Conversando sobre o filme, comentaram que ele trabalha a idéia da divisória entre amor e ódio ser tênue. Discordo, embora não ache que seja uma comentário completamente inapropriado. “La Piel que Habito” vai mais além do que esta popular antítese. Acredito que a oposição de desejo e repugnância descreva melhor a ambição e ousadia da história. Visualmente, Almodóvar estabelece um clima de sensualidade apesar das circunstâncias bizarras. Uma mulher em cativeiro, sujeita às atitudes estranhas de seu captor, não é a primeira coisa que me vem à mente quando penso num cenário sensual. Mesmo assim, o diretor usa sua conhecida fixação na figura da mulher para romper a barreira do óbvio e criar algo ímpar no processo. A tomada contemplativa de uma mulher deitada de lado em sua cama, com as costas desnudas e a luz apenas delineando suas curvas suaves representa como a direção e a fotografia— próxima de um chiaroscuro — estão em completa sintonia com os temas da obra. É o ponto de vista do protagonista belissimamente interpretado por Antonio Banderas. Alguém encantado por sua paciente a ponto de não conseguir distinguir obsessão de desejo, experimento acadêmico de projeto passional. Olhando por cima, aprecia-se a reciprocidade da qualidade apaixonada daquele vislumbre e o valor estético da imagem, como a cena poderia ser facilmente um óleo em tela. É tão impressionante que se esquece que a moça é uma prisioneira, fato que a próxima cena lembra muito certeiramente.
“La Piel que Habito” se separa claramente de obras ignorantes ao uso inteligente de uma virada por não jogar fora o que foi construído antes da virada. As concepções da audiência, cuidadosamente fabricadas a partir de pontos contraditórios, não são invalidadas. Elas apenas passam a ser vistas sob uma nova luz que inverte o jogo e impossibilita que tudo seja visto como antes. É daí que surge o choque, de um desenvolvimento que realmente leva as coisas para um lugar novo e não se limita a imagens chocantes — seja por conteúdo explícito ou intencionalmente profano.

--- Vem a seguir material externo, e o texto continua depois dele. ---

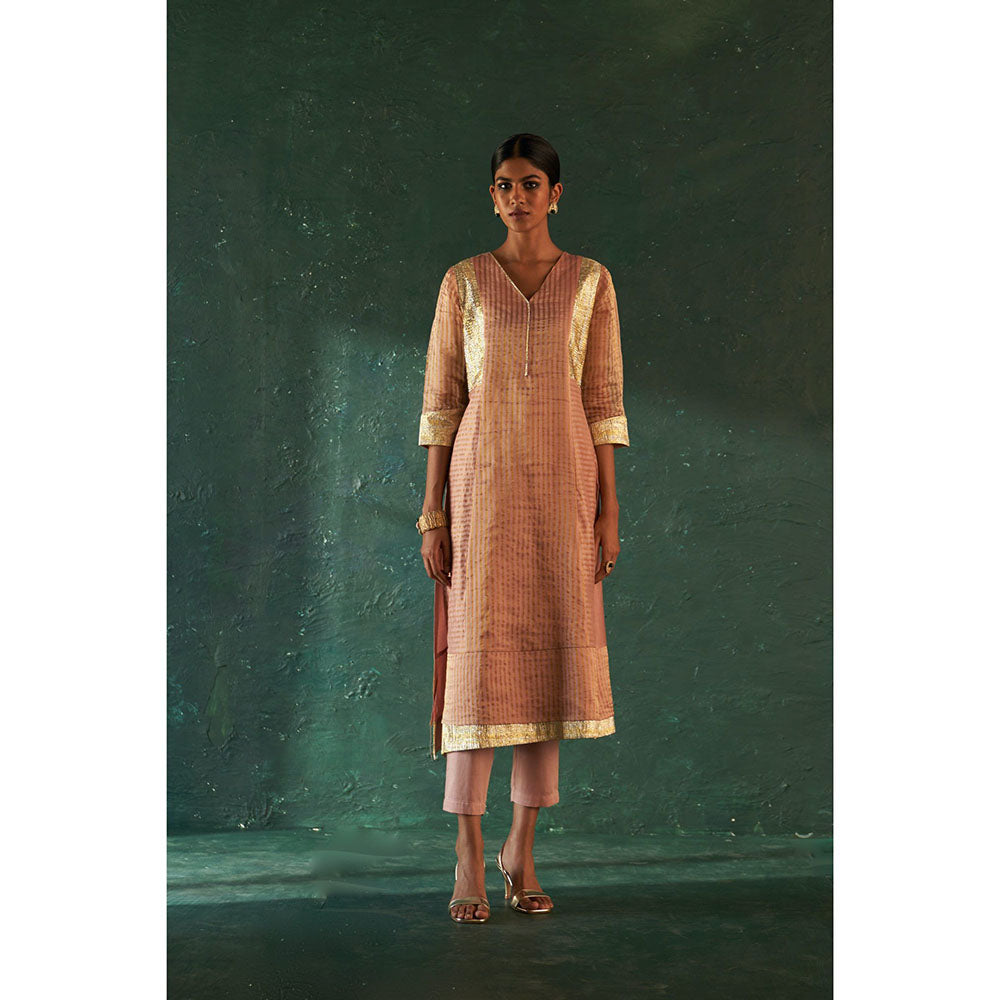 Charkhee Midas Old Rose Tissue Stripes Kurta with Pant & Dupatta (Set of 3)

No final de tudo, é difícil não olhar para trás e reconhecer que a situação final não é nem um pouco próxima das noções iniciais — e muito menos da sinopse rasa. Depois de certos eventos, eu me perguntei como pude me deixar envolver no clima afrodisíaco, em primeiro lugar. A resposta, é claro, vem do empenho bem sucedido de direção, fotografia roteiro e elenco em representar cada entonação e sentimento de forma fidedigna. O que pareceu apropriado em um momento torna-se inadequado e inaceitável. Não por incoerência, mas porque a força de “La Piel que Habito” consegue deixar esta transformação marcada no espectador. Neste caso, o desenvolvimento é tão impactante quanto os resultados.